MPs from across the political spectrum shared their memories of the former MP for Ross, Skye and Lochaber’s “courageous” opposition to the Iraq war, his compassion, his humour and his ability to connect with people of all backgrounds.
Mr Kennedy died suddenly at his home in Fort William on Monday at the age of 55.
His former wife, Sarah, and son, Donald, looked on from one of the side galleries, prompting several members to direct their words to the ten-year-old.
Lib Dem leadership contender Tim Farron, who put Mr Kennedy’s success down to being himself, said: “You should be really proud of your daddy, I am proud of your daddy. I loved him to bits and I am proud to call him my friend. God rest you, Charlie.”
Labour’s Tom Watson also spoke directly to Donald, who sat through most of the hour-and-a-half special sitting.
He said: “Your father was a very great man, he stood up for what he believed in, he led a party of the centre-left with dignity and compassion and when you are older you will know your mum and dad believed in a cause greater than themselves and you will be proud.”
Rival Lib Dem leadership candidate Norman Lamb described Mr Kennedy as an “immense talent” who had the “extraordinary ability to reach out beyond the narrow confines of his own party”.
He said he had an affinity with people outside politics because he spoke in a language they understood and was “never ceasing” in his courtesy.
Outgoing leader Nick Clegg called his predecessor a “formidable parliamentarian” but said Mr Kennedy had been much more than his politics.
He spoke of the “enduring humanity” in Mr Kennedy, adding that he was the “polar opposite of a cardboard cut-out, point-scoring party politician”.
While acknowledging he was “very funny”, the former deputy prime minister insisted: “His good humour must not obscure the fact that there was a steely courage about him, most memorably on display when he took the principled decision to oppose the Iraq war.

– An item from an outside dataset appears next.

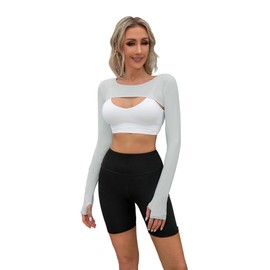 Hairwilly Cooling Shawl Arm Sleeve Sun Protection Women's tops for Golfing,Riding,Driving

“Charles was often a lone voice in this House, standing up against a consensus in favour of war on all sides.
“The fact that he was proved so spectacularly right is a tribute to his judgment and his intuitive common sense.”
The tributes, initiated by Speaker John Bercow, who described Mr Kennedy as “the boy next-door of British public life”, came from all corners of the House.
Acting Labour leader Harriet Harman described Mr Kennedy as “the golden boy from the Highlands” who could stand tall among an exceptional generation of Scottish politicians including the likes of Gordon Brown and John Smith.
Angus Robertson, leader of the SNP’s Westminster group, said he and his colleagues had been “genuinely saddened” that Mr Kennedy would no longer be in Parliament, despite being pleased at taking the Ross, Skye and Lochaber seat.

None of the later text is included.